In 1830, President Andrew Jackson presented to Congress a gold coin that Colombian President Simon Bolivar had given him, which Congress told him to deposit in the Department of State.[51] In 1840, President Martin Van Buren told the Imam of Muscat that he was precluded from receiving “two horses, a case of rose oil, five bottles of rose water, a package of cashmere shawls, a Persian rug, a box of pearls, and a sword” because of a “fundamental law of the Republic which forbids its servants from accepting gifts from foreign States or Princes.” Like Jackson, he “deemed it his duty to lay the proposition before Congress,” and Congress similarly told him to deposit the gifts in the Department of State, and to sell anything that could not be deposited there and give the proceeds to the Department of the Treasury.[52] The Imam of Muscat similarly offered President John Tyler two horses in 1843. President Tyler again sought the consent of Congress, who told him to sell the horses and put the money in the Treasury.[53] While President, Abraham Lincoln presented to Congress two decorative elephant tusks, a sword, and a photograph from the King of Siam, writing to the King, “our laws forbid the President from receiving these rich presents as personal treasures . . . .” Congress told him to deposit the gifts with the Department of the Interior.[54] President Benjamin Harrison received honorary medals from Brazil and Spain, which Congress allowed him to keep in 1896.[55] President John F. Kennedy rejected an offer of Honorary Irish Citizenship in 1963, on the belief that it would violate the emoluments clause.[56] All of these Presidents sought the consent of Congress or rejected the gifts outright, because they thought the Foreign Emoluments Clause applied.

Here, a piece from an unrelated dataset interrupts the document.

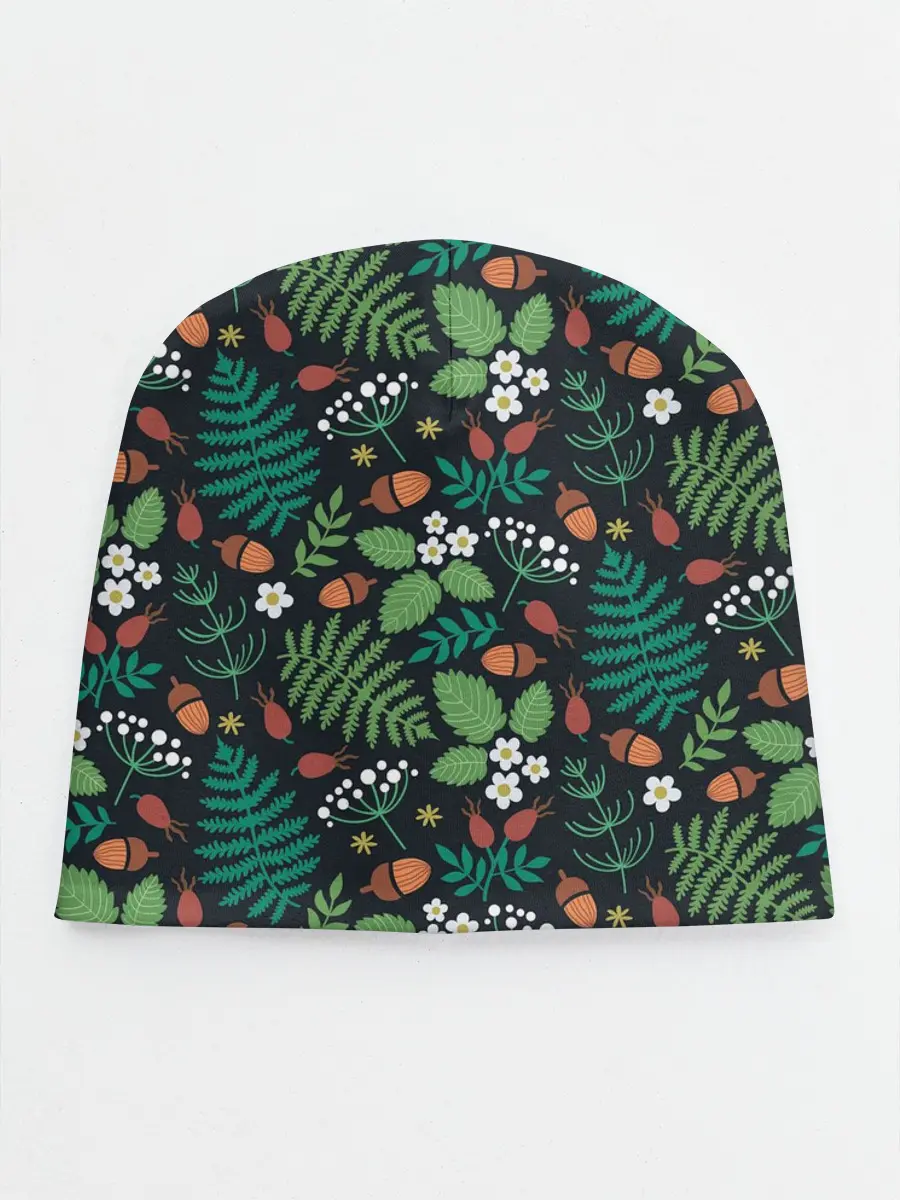 Детская шапка / Лесные листочки цветочки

In attempting to define the foreign emoluments clause, both sides draw lines that put all the weight of historical evidence on their side.[57] The defendant points out that the plaintiffs’ interpretation is inconsistent with the practice of numerous presidents. But problematic for the defendant’s line-drawing exercise is that Abraham Lincoln and at least five other Presidents end up on the other side of it.

Armed with President Washington’s land transaction, scholars Blackman and Tillman portray the issue as a “simple one,” where “either (1) President Washington and his three commissioners (including a Supreme Court Justice) were right, and [the District Judge] is wrong; or (2) [the District Judge] is correct, and President Washington and his three commissioners were wrong.”[58] But such a description is woefully incomplete. No matter which definition one chooses, the list of who is wrong on the other side is long, includes several presidents, and either George Washington or Abraham Lincoln. Take your pick.

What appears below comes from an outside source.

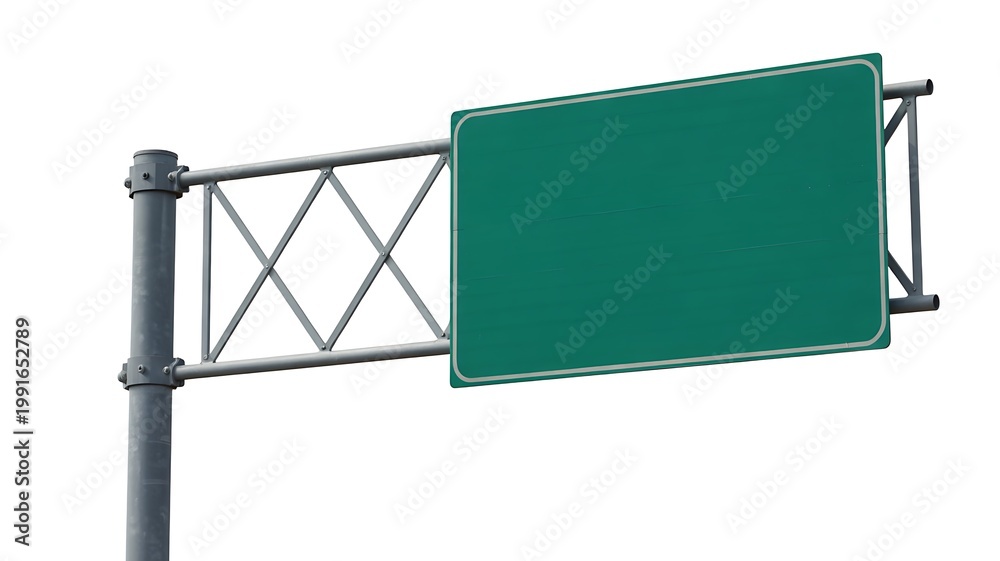 Fototapeta premium Blank green street sign, empty road sign, metal frame, directional signage, urban infrastructure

In light of this choice, the more honest solution seems to be to give up the false insistence on perfect consistency in the first place.

There is no interpretation of the clause that is consistent with the practice of all prior presidents. The Department of Justice’s view that the narrow definition is correct is inconsistent with the statements of George Washington, Thomas Jefferson, James Madison, James Monroe, Alexander Hamilton, Chief Justice John Marshall, George Mason, Edmund Randolph, and William Grayson, who all used “emoluments” to mean something broader than “office or employment.” Tillman’s view that the clause does not apply to the president is inconsistent with the actions of Andrew Jackson, Martin Van Buren, John Tyler, Abraham Lincoln, Benjamin Harrison, and John F. Kennedy, who all believed the clause applied to them.[59] And the plaintiff’s view that the broad definition is correct and that the clause applies to President Trump is inconsistent with the actions (although not the statements) of Washington, Jefferson, Madison, Monroe, and Obama.

Therefore, returning to defendant’s syllogism, Premise 2 is the better one to doubt: an interpretation inconsistent with the practice of several presidents may in fact be correct, because any interpretation of the clause, even that of the defendant or his amici, is inconsistent with the practice of at least some presidents.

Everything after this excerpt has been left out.